**TASK REQUIREMENTS:** Please set down, with no changes, every line of the material below from the one containing "Görevden uzaklaştırılan başkanın" through the end. Skip the pictures.

**TASK INPUTS:**
------------------------------------------------------------------------
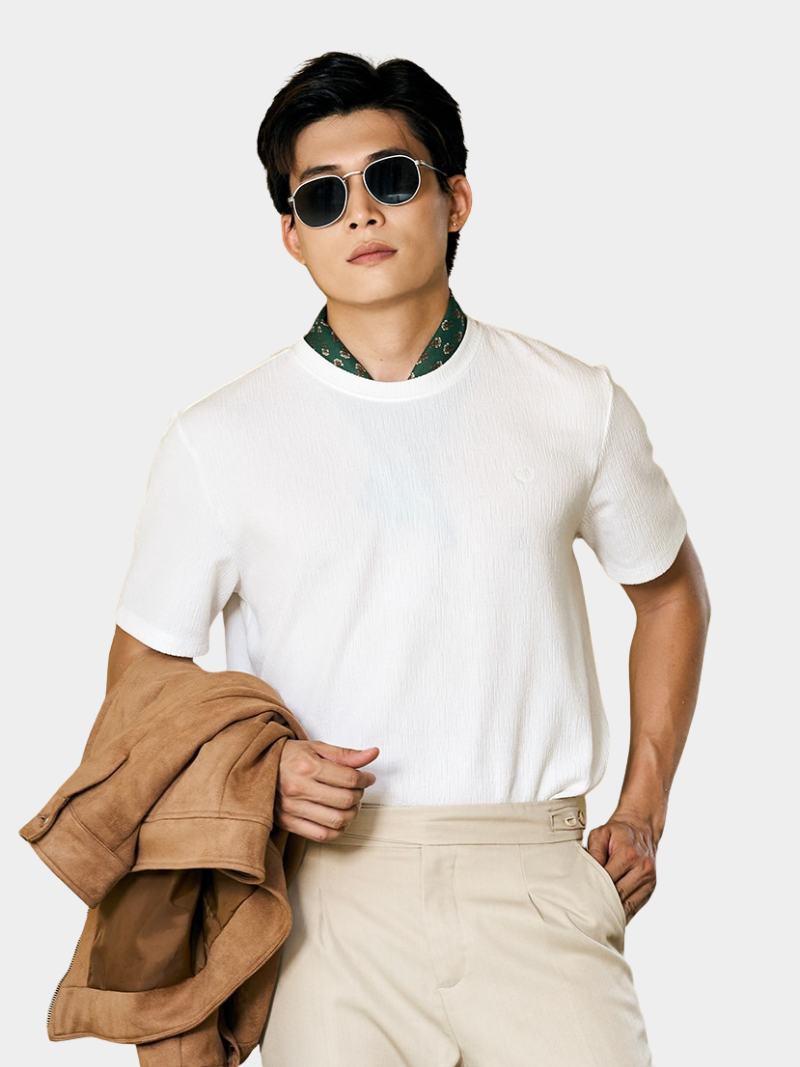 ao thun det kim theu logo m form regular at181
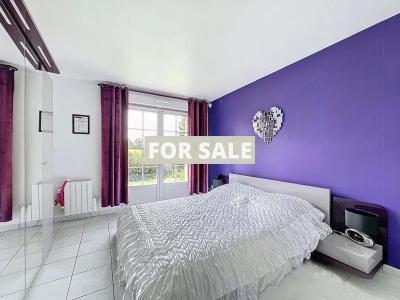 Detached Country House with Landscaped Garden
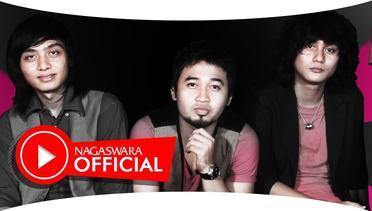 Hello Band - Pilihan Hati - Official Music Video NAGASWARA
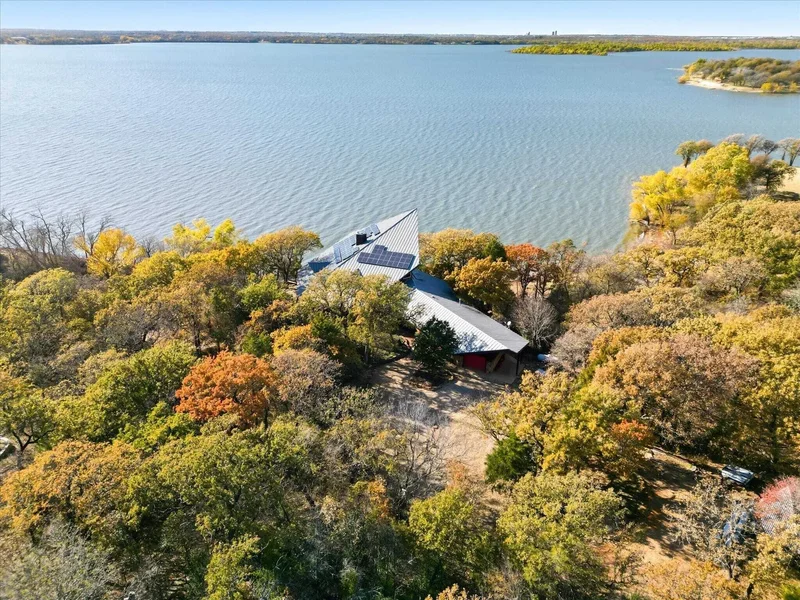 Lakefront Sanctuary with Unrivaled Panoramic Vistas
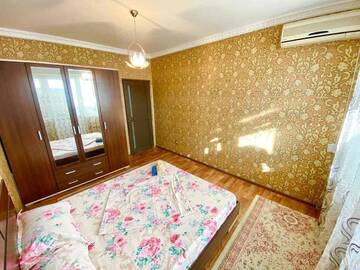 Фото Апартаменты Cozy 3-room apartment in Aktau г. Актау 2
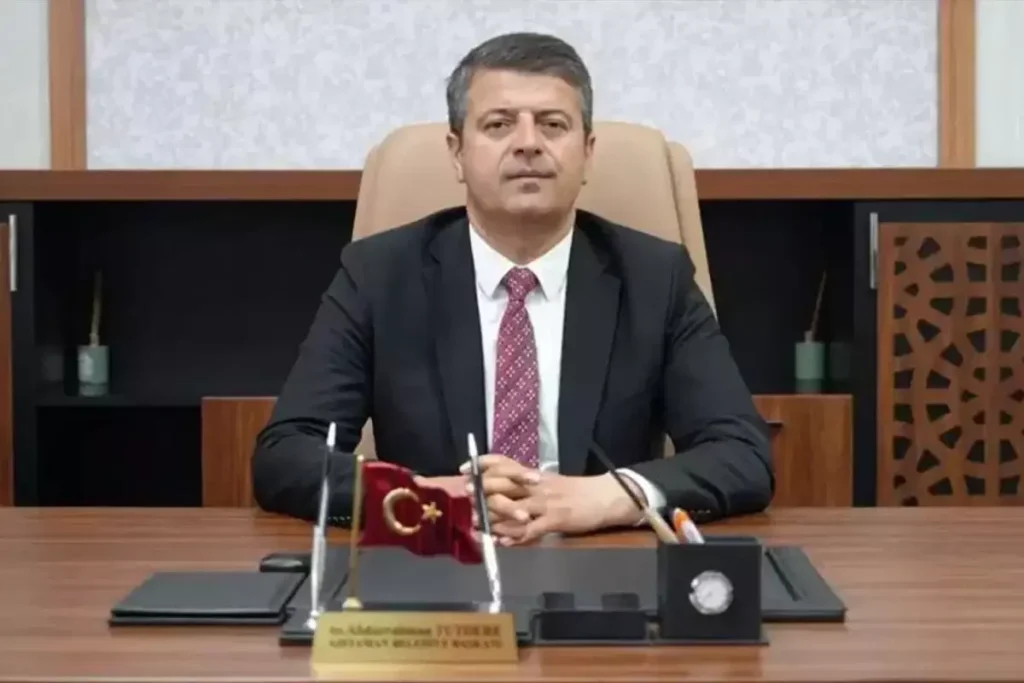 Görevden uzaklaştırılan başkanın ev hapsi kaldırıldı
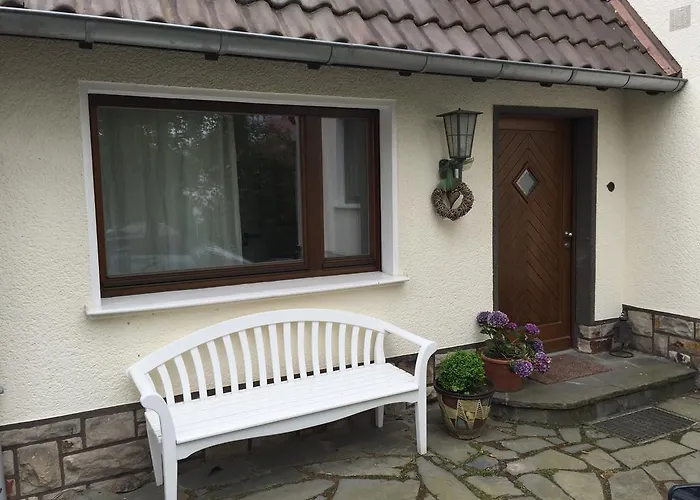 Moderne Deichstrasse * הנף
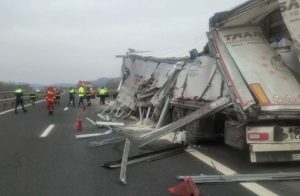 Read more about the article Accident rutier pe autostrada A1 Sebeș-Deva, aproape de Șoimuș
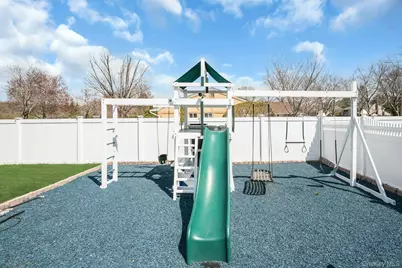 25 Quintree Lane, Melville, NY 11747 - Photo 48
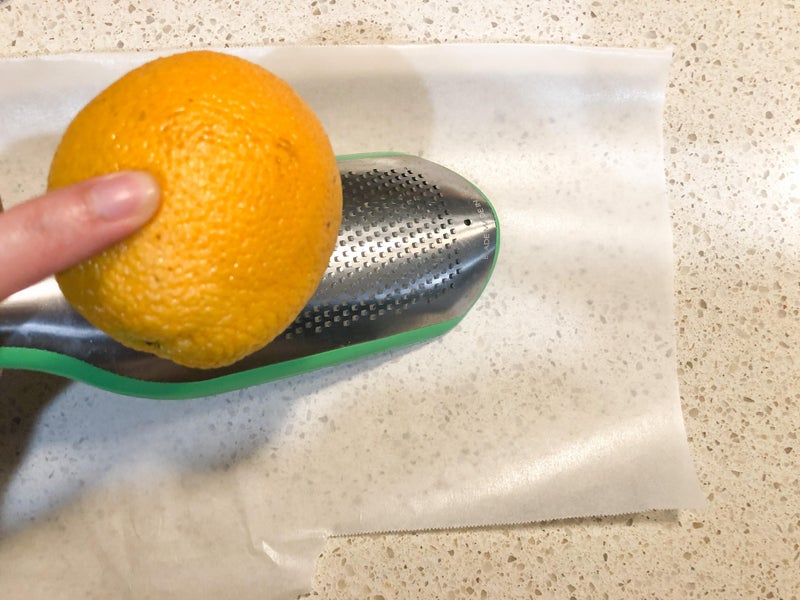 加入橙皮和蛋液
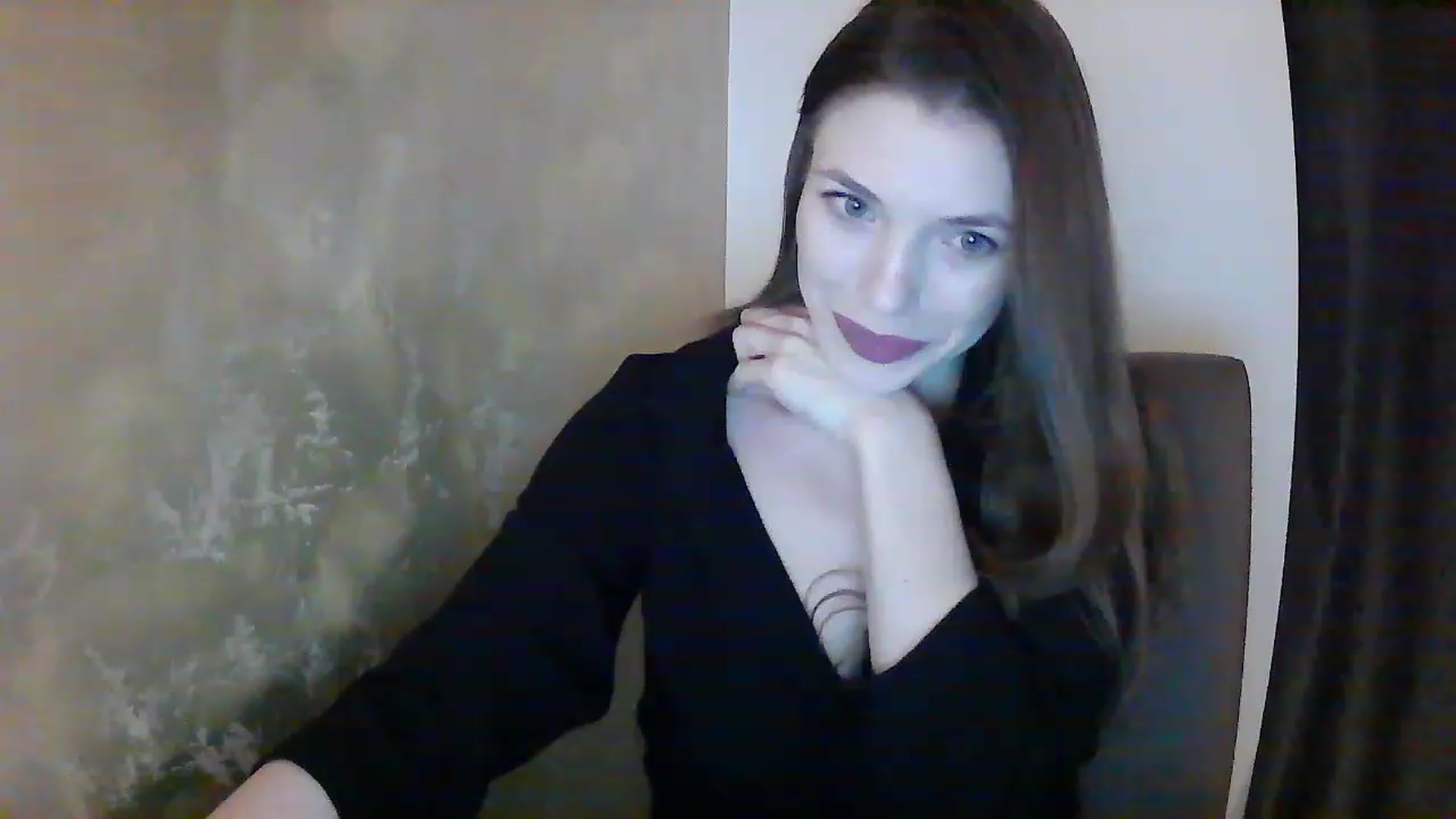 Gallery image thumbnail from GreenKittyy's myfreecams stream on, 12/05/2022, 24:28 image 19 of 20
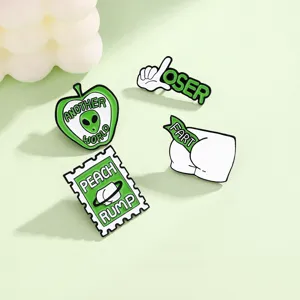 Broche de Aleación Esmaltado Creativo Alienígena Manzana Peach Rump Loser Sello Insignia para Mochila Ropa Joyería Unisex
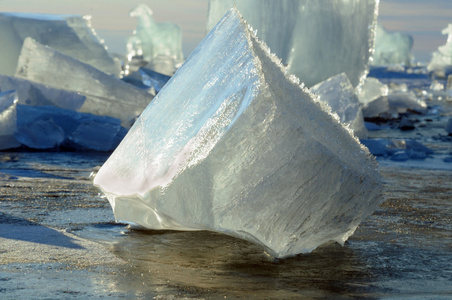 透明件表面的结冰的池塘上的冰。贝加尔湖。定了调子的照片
------------------------------------------------------------------------
**TASK ANSWER:**
 Görevden uzaklaştırılan başkanın ev hapsi kaldırıldı
 Moderne Deichstrasse * הנף
 Read more about the article Accident rutier pe autostrada A1 Sebeș-Deva, aproape de Șoimuș
 25 Quintree Lane, Melville, NY 11747 - Photo 48
 加入橙皮和蛋液
 Gallery image thumbnail from GreenKittyy's myfreecams stream on, 12/05/2022, 24:28 image 19 of 20
 Broche de Aleación Esmaltado Creativo Alienígena Manzana Peach Rump Loser Sello Insignia para Mochila Ropa Joyería Unisex
 透明件表面的结冰的池塘上的冰。贝加尔湖。定了调子的照片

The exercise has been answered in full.